**Prompt**. Set down each of the records below exactly as it reads. No pictures go into the copy.

**Records provided**.
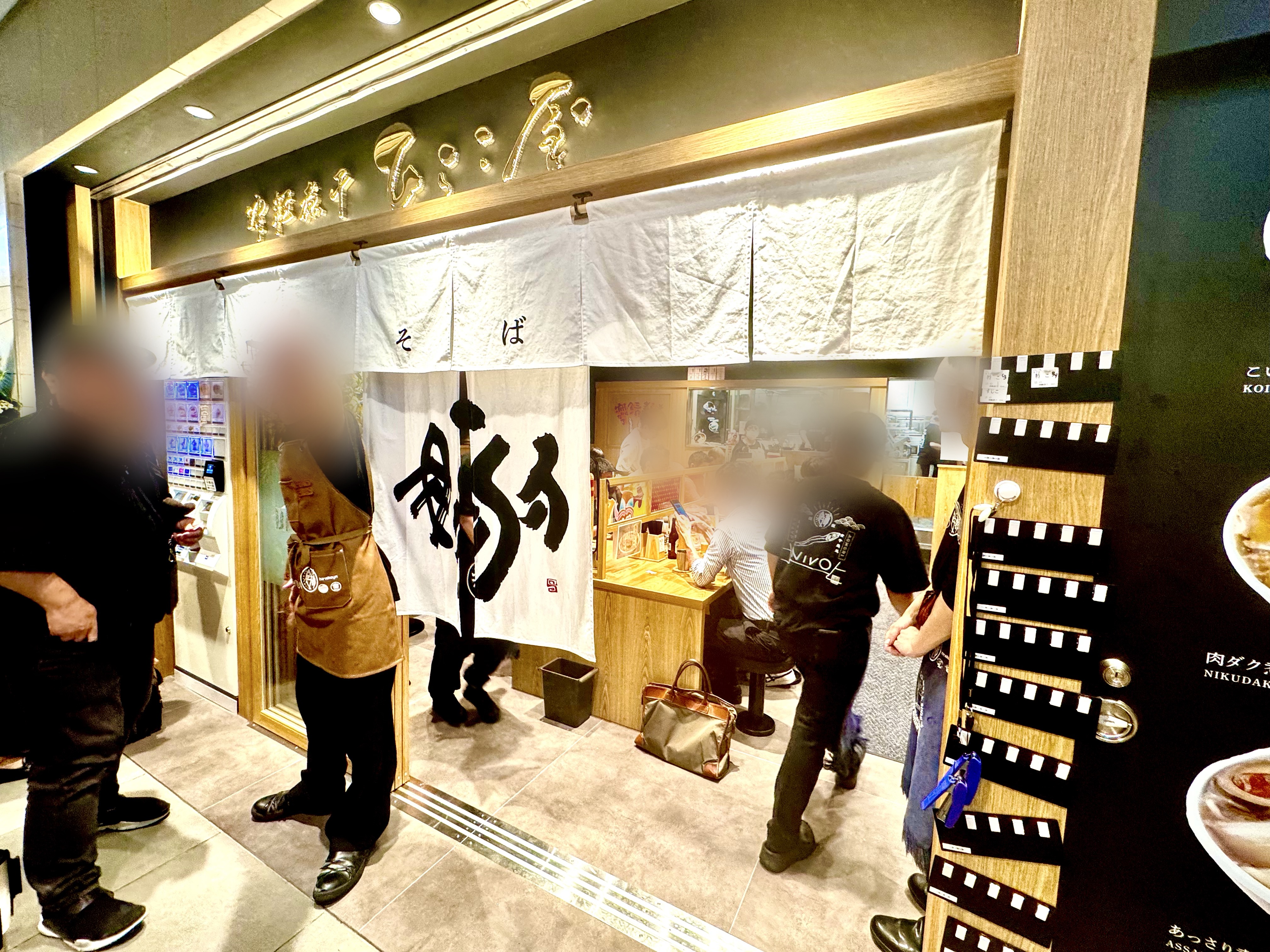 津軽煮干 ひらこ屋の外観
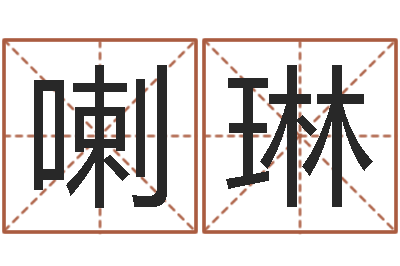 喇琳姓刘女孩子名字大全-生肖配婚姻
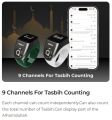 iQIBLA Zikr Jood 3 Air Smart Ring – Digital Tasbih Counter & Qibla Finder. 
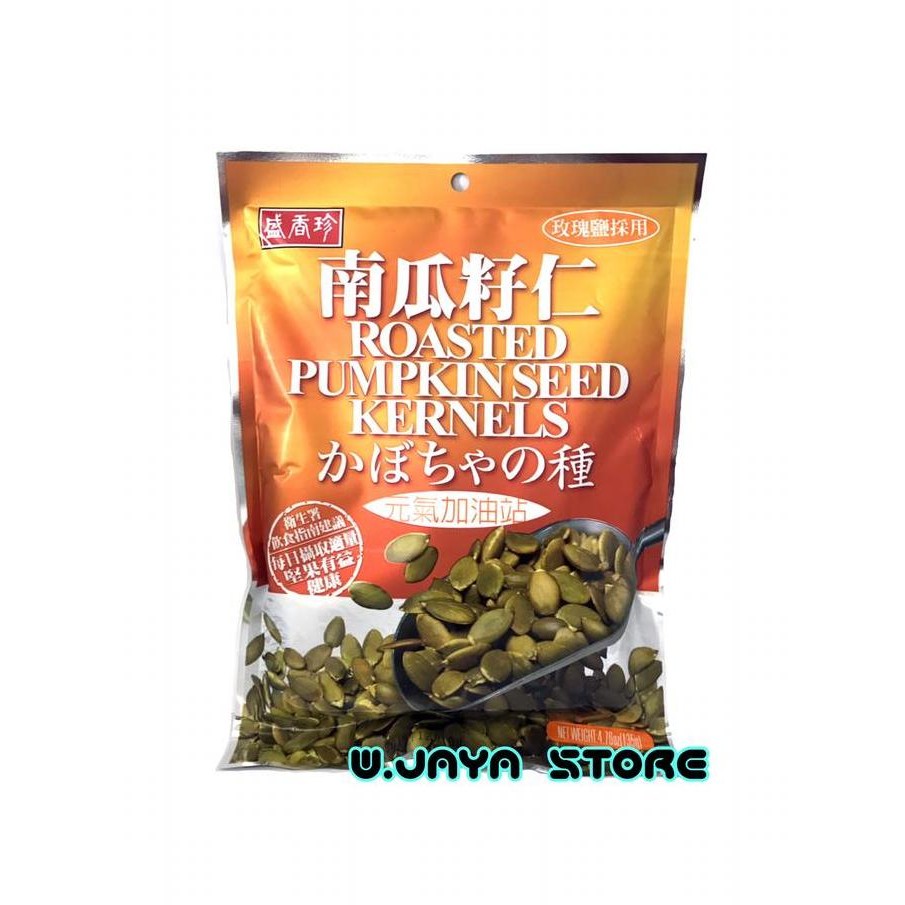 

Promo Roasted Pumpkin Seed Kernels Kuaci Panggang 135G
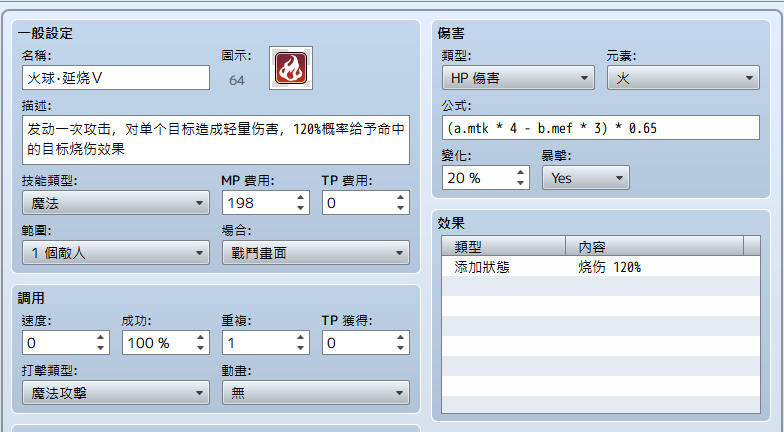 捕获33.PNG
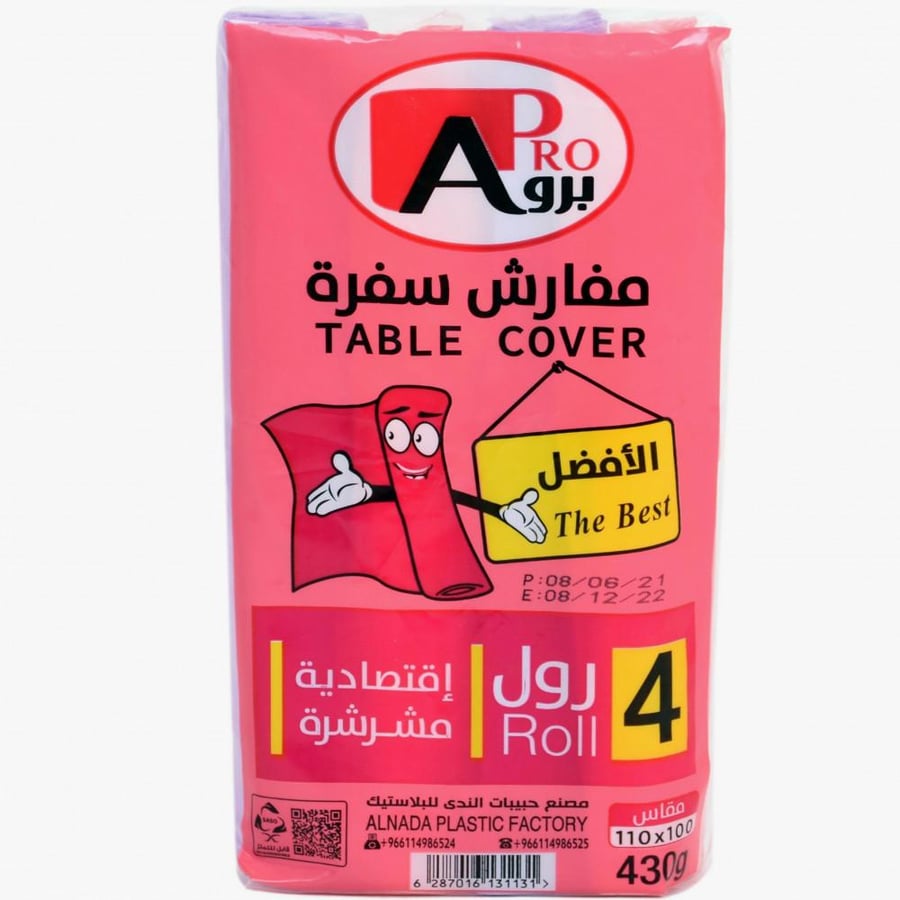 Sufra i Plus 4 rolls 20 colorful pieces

**Solution**.
 津軽煮干 ひらこ屋の外観
 喇琳姓刘女孩子名字大全-生肖配婚姻
 iQIBLA Zikr Jood 3 Air Smart Ring – Digital Tasbih Counter & Qibla Finder. 

Promo Roasted Pumpkin Seed Kernels Kuaci Panggang 135G
 捕获33.PNG
 Sufra i Plus 4 rolls 20 colorful pieces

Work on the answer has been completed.